ERKUT TEZERDİ/İSTANBUL
Günümüzden 65 milyon yıl önce yaşayan dinozorlar, ünlerinden her dönem taviz vermeyen devasa yaratıklar. Otobur olanları pek dikkat çekmezken Tyrannosaurus rex ile Velociraptor gibi etçil türleri filmlerin, video oyunlarının başrolünde yer alıyor çünkü aksiyonu bu canlılar sağlıyor. İnsanlar kaçıyor, onlar kovalıyor veya insanları aniden yakalıyor, akabinde afiyetle yiyor. Popüler kültürün liste başı zombiler gibi her vakit açlar… İlk kez 1993 yılında izleyiciyle buluşan ‘Jurassic Park’ ve devam filmlerinde genel olarak böyle bir hayatta kalma konusu işleniyor. Bu hafta gösterime giren ‘Jurassic World Fallen Kingdom’ın (Yıkılmış Krallık) ise önceki yapımlarından ayıran özellikleri bulunuyor. Bunlardan ilki efektleri. Öyle ki, geçen yıl izleyiciyle buluşan ‘Transformers 5’ gibi ağzı açık bırakıyor. Fakat senaryonun üzerine inşa edildiği “Her canlının yaşamaya hakkı var” mesajı hatalı işlenince bir zaman sonra gerçekçilik yitiriliyor. Ortaya korku filmlerinden fırlamışçasına arketipler ve olay dizisi saçılıyor. Jeff Goldblum, James Cromwell, Toby Jones, BD Wong ve Daniella Pineda gibi isimlerin de rol aldığı filmin yapımcılığını Steven Spielberg ve Frank Marshall üstlendi.

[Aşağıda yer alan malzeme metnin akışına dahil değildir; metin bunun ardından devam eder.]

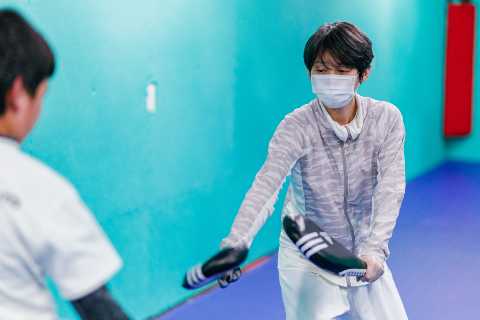 寝屋川市の格闘技ジム修斗GYMS直心会 キックササイズ指導風景05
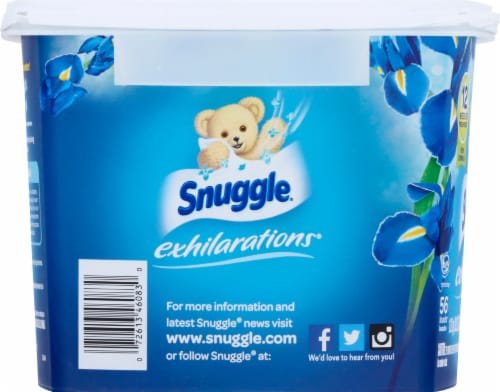Snuggle® Scent Boosters Blue Iris Bliss Concentrated Scent Pacs Perspective: left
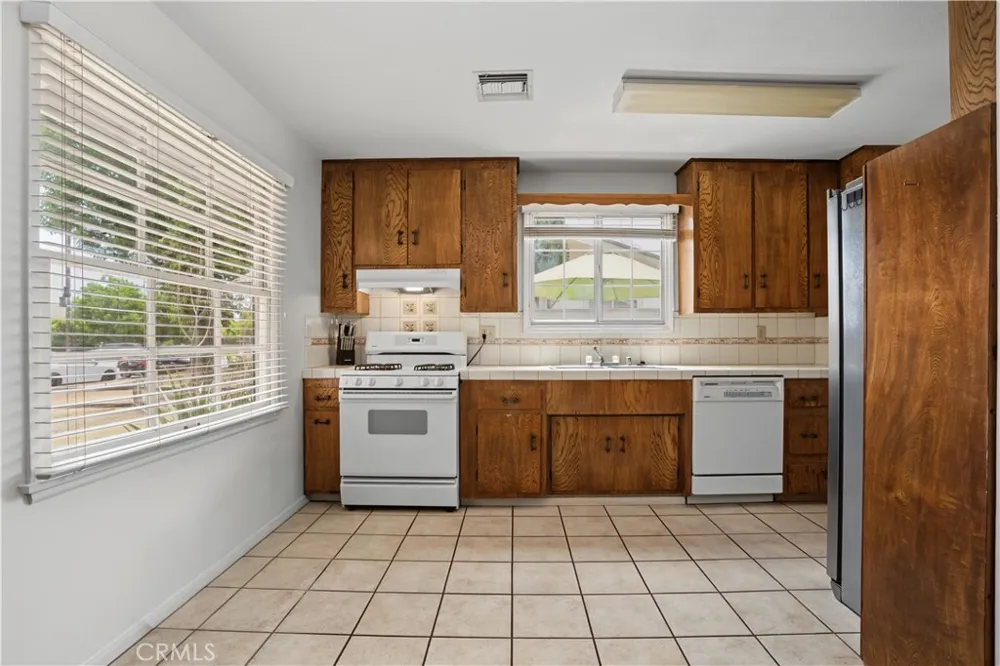 7921 Fallbrook West Hills, CA 91304
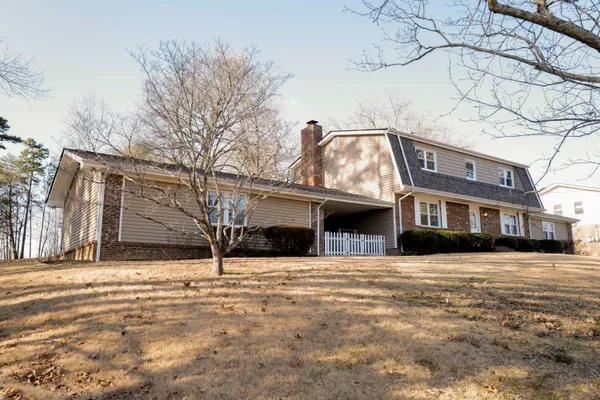 $2,400 | 8693 Arbutus Drive, Hixson, TN 37343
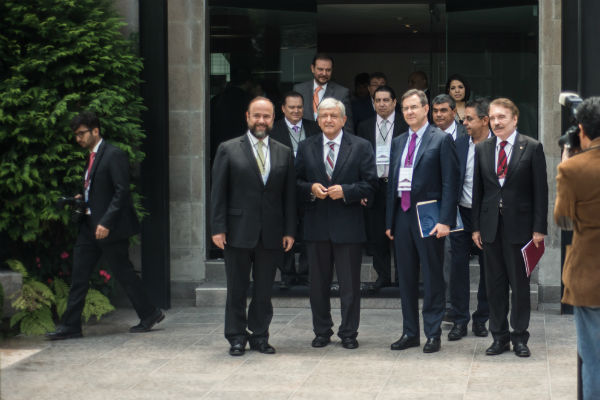 López Obrador dijo que trató con los rectores temas de ampliar matrículas en las escuelas y el presupuesto. FOTO: CUARTOSCURO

‘Jurassic World Fallen Kingdom’ filminin önermesi “Doğaya baskın tür kontrolü eline alır” olurken, haliyle canlıları sevin, öldürmeyin gibi sevecen bir mesaj dengesizliği doğuruyor. Hayatta kalalım, öldürmeyelim ama onlara da yem olmayalım gibi bir mantık teknik açıdan imkânsız. Bunun nedeni konu ve karakterizasyondan kaynaklanıyor.
Filmde, 2015 yılında gösterime giren ve dünya çapında 1 milyar 672 milyon dolar hasılat elde eden ‘Jurassic World’ün devamı anlatılıyor. Üç yıl önceki faciada, dinozor parkında her şey kontrolden çıktı. İnsanlar çığlıklar eşliğinde öğlen yemeği oldu. Ardından parkın yer aldığı ada tahliye edildi. Şimdi ise dinozorların hayatı tehlikede. Nasıl mı? Parkta yer alan yanardağ patlamak üzere, bu sebepten dolayı bir grup insan dinozorların oradan kurtarılmasını istiyor, başka bir grup da “bırakalım ölsünler” diyor. Dünyada genel durum böyle. Kötü emelleri olan bir şirket onları toplayıp silah veya eğlence niyetine zengin iş adamlarına satmanın derdine düşmüşken, genetik bilim ile geri döndürülen bu canlıları kurtarmak için dernekler bile kurulmuş. Bu derneğin başkanı, dinozor fetişisti izlenimi Claire Dearing, birkaç bilim insanı ile ilk filmdeki raptor eğitmeni Owen Grady şirketin gerçek amacının ne olduğunu bilmeden adanın yolunu tutuyor. Filmin gerisi çığlıklardan oluşuyor. İkinci bölüm daha aksiyon dolu ve korku unsurları zekice yerleştirilmiş.
‘Jurassic World Fallen Kingdom’da “Dinozorlar neden yaşamalı?” sorusunun cevabı açıkçası net bir şekilde beyazperdeye taşınmıyor. Ana karakterler sadece “Sonuçta onlar da canlı ve yaşamaya hakları var” gibisinden geveleyip duruyor. Ancak asıl sorun şu ki, hadi diyelim otobur türler için doğal yaşam parkları oluşturuldu. Ama etoburlar için neler yapılacak? Bir aslanla ya da kutup porsuğuyla aynı mahallede yaşar mıydınız? Veya bir facia olmasını kim önleyebilir? Tutarsızlıklar diz boyu. Neticede kedi, köpek değil ki bunlar kucağımıza alıp sevelim! Zaten filmde de kendilerini sevdirtmiyorlar. Tutarsızlık derken bundan bahsediyorum. Hem ayranım yer dökülmesin hem de dürümüm hiç bitmesin. Doğada olan doğada kalmalı, evet ama çoğalıp şehirlere indiklerinde ne olacak? Filmin devamı gelecek, işte hepsi bu.